Because the CRDs are at the moment not by default deployed on a freshly created Kubernetes cluster, so we need to do manually:

$ kubectl apply -f https://github.com/kubernetes-sigs/gateway-api/releases/download/v1.1.0/standard-install.yaml
customresourcedefinition.apiextensions.k8s.io/gatewayclasses.gateway.networking.k8s.io created
customresourcedefinition.apiextensions.k8s.io/gateways.gateway.networking.k8s.io created
customresourcedefinition.apiextensions.k8s.io/grpcroutes.gateway.networking.k8s.io created
customresourcedefinition.apiextensions.k8s.io/httproutes.gateway.networking.k8s.io created
customresourcedefinition.apiextensions.k8s.io/referencegrants.gateway.networking.k8s.io created

Before deploying External-DNS to the cluster, we must create an AWS IAM service account that associates the Kubernetes service account with an AWS IAM role. This is necessary to provide access to the DNS hosted zone. The policy that will be attached to the service account, named “external-dns-policy”, is as follows:

{
  "Version": "2012-10-17",
  "Statement": [
      {
          "Sid": "VisualEditor0",
          "Effect": "Allow",
          "Action": "route53:ChangeResourceRecordSets",
          "Resource": [
              "arn:aws:route53:::hostedzone/<hosted zone id>"
          ]
      },
      {
          "Sid": "VisualEditor1",
          "Effect": "Allow",
          "Action": [
              "route53:ListHostedZones",
              "route53:ListResourceRecordSets",
              "route53:ListTagsForResource"
          ],
          "Resource": "*"
      }
  ]
}

And is created via the AWS CLI tool:

$ aws iam create-policy --policy-name external-dns-policy --policy-document file://manifests/iam/ExternalDNS_permissions.json

After the policy is in place, we can trigger the creation of the AWS IAM service account:

$ eksctl create iamserviceaccount --name external-dns --namespace default --cluster testcluster-1 --attach-policy-arn arn:aws:iam::<account-id>:policy/external-dns-policy --approve --override-existing-serviceaccounts
2024-09-03 09:18:24 [ℹ]  1 iamserviceaccount (default/external-dns) was included (based on the include/exclude rules)
2024-09-03 09:18:24 [!]  metadata of serviceaccounts that exist in Kubernetes will be updated, as --override-existing-serviceaccounts was set
2024-09-03 09:18:24 [ℹ]  1 task: {
    2 sequential sub-tasks: {
        create IAM role for serviceaccount "default/external-dns",
        create serviceaccount "default/external-dns",
    } }2024-09-03 09:18:24 [ℹ]  building iamserviceaccount stack "eksctl-testcluster-1-addon-iamserviceaccount-default-external-dns"
2024-09-03 09:18:24 [ℹ]  deploying stack "eksctl-testcluster-1-addon-iamserviceaccount-default-external-dns"
2024-09-03 09:18:24 [ℹ]  waiting for CloudFormation stack "eksctl-testcluster-1-addon-iamserviceaccount-default-external-dns"
2024-09-03 09:18:55 [ℹ]  waiting for CloudFormation stack "eksctl-testcluster-1-addon-iamserviceaccount-default-external-dns"
2024-09-03 09:18:55 [ℹ]  created serviceaccount "default/external-dns"

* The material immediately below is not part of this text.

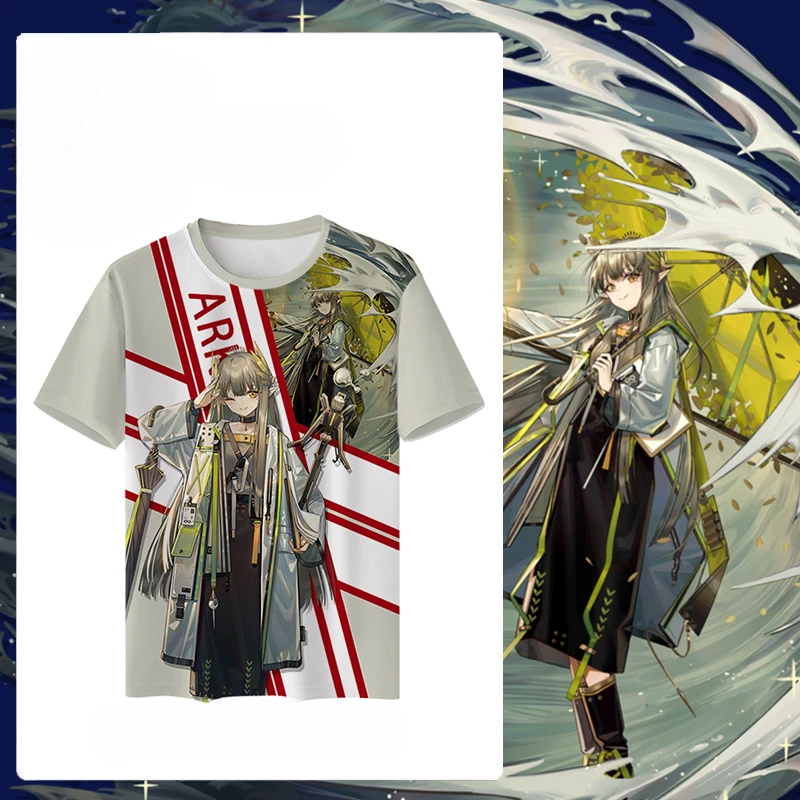 

Game Arknights 3D Print Oversized T Shirt Women Men Y2K Streetwear Hip Hop Short Sleeve Funny Tshirt Graphic Tees Harajuku Tops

In the next step, we will deploy the Helm chart of External-DNS. We need to set the source to “gateway-httproute” to enable the tool to handle Gateway API resources. It is also necessary to specify the domain that will be managed and the owner of the DNS entries.

$ helm repo add external-dns https://kubernetes-sigs.github.io/external-dns/
$ helm upgrade --install external-dns external-dns/external-dns --namespace default --version 1.14.5 \
    --set sources[0]="gateway-httproute" \
    --set infoblox.domainFilter="liquidtest.click" \
    --set txtOwnerId="external-dns"
Release "external-dns" does not exist. Installing it now.
NAME: external-dns
LAST DEPLOYED: Tue Sep  3 09:13:15 2024
NAMESPACE: default
STATUS: deployed
REVISION: 1
TEST SUITE: None
NOTES:
***********************************************************************
* External DNS                                                        *
***********************************************************************
  Chart version: 1.14.5
  App version:   0.14.2
  Image tag:     registry.k8s.io/external-dns/external-dns:v0.14.2
***********************************************************************

After the deployment is performed and the application is up and running, we can check the logs if everything is fine:

[…]
time="2024-09-05T12:05:56Z" level=info msg="Applying provider record filter for domains: [liquidtest.click. .liquidtest.click.]"
time="2024-09-05T12:05:56Z" level=info msg="All records are already up to date"
[…]

No issues are logged, and it was already checked, if the domain records have to be updated.

 

Deploy Nginx gateway controller

In this document, we will use Nginx as the gateway controller. The deployment is simply performed via Helm:

$ helm upgrade --install ngf oci://ghcr.io/nginxinc/charts/nginx-gateway-fabric --namespace nginx-gateway --version 1.4.0\
  --create-namespace
Release "ngf" does not exist. Installing it now.
Pulled: ghcr.io/nginxinc/charts/nginx-gateway-fabric:1.4.0
Digest: sha256:9bbd1a2fcbfd5407ad6be39f796f582e6263512f1f3a8969b427d39063cc6fee
NAME: ngf
LAST DEPLOYED: Tue Sep  3 09:22:34 2024
NAMESPACE: nginx-gateway
STATUS: deployed
REVISION: 1
TEST SUITE: None

Done, nothing more to do!

 

Setup Cert-Manager

For the deployment of Cert-Manager via Helm, it is important to set the value of “config.enableGatewayAPI” to true, so it will be able to use Gateway API objects to accomplish Let’s Encrypt challenges to get certificates signed via the ACME protocol.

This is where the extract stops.